Fehler, die durch die DNA-Polymerase ε (POLE) bei der DNA-Replikation gemacht werden, tragen wesentlich zur Entstehung von C>T-Mutationen in methylierten CpG-Dinukleotiden bei. Wie eine in Nature Genetics publizierte Studie beschreibt, gelang es Forschenden, mittels einer neuartigen Methode diesen bislang unbekannten Mechanismus der CpG>CpT-Mutagenese aufzudecken.

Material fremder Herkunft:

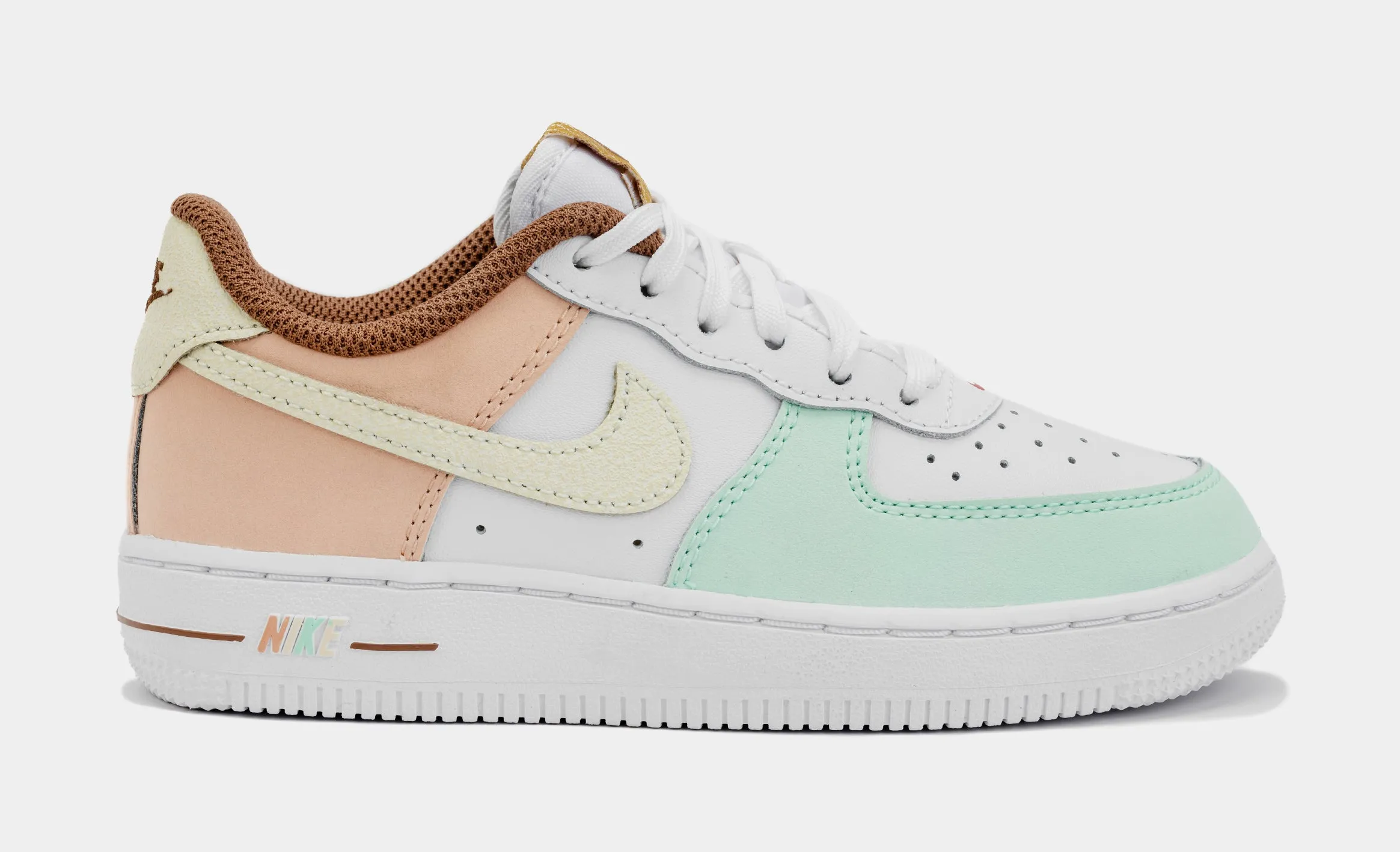 Air Force 1 LV8 Prechool Lifestyle Shoes (White/Pink)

Der fehlerhafte Austausch von Cytosin durch Thymin in CpG-Dinukleotiden stellt eine der häufigsten Mutationen dar und ist weit verbreitet in Tumoren und auch in normalen Zellen zu beobachten. In früheren Untersuchungen hatte die Forschungsgruppe bereits festgestellt, dass besonders häufig C>T-Mutationen an CpG-Dinukleotiden in Krebszellen vorkommen, die Punktmutationen in POLE aufweisen. POLE ist ein Enzym, das die DNA kopiert und dabei auftretende Fehler erkennt und beseitigt. Die katalytische Untereinheit dieses Enzyms wird vom POLE-Gen kodiert.

Die Forschenden entwickelten ein neuartiges, als PER-Seq (polymerase error rate sequencing) bezeichnetes Verfahren, mit dem sich die Häufigkeit, die Art und der Kontext von DNA-Fehlern bestimmen lassen, die von DNA-Polymerasen verursacht werden. Außerdem generierten sie eine embryonale Mauszelllinie mit der POLE-Mutation p.P286R, die häufig in menschlichen Krebszellen vorkommt, und verglichen die PER-Seq-Signaturen mit Mutationsmustern in Tumorzellen von Mäusen und Menschen. Dabei stellten sie fest, dass bei der DNA-Replikation sowohl die mutierte, tumor-assoziierte DNA-Polymerase ε als auch das Wildtyp-Enzym C>T-Mutationen vor allem an methylierten CpG-Nukleotiden produziert.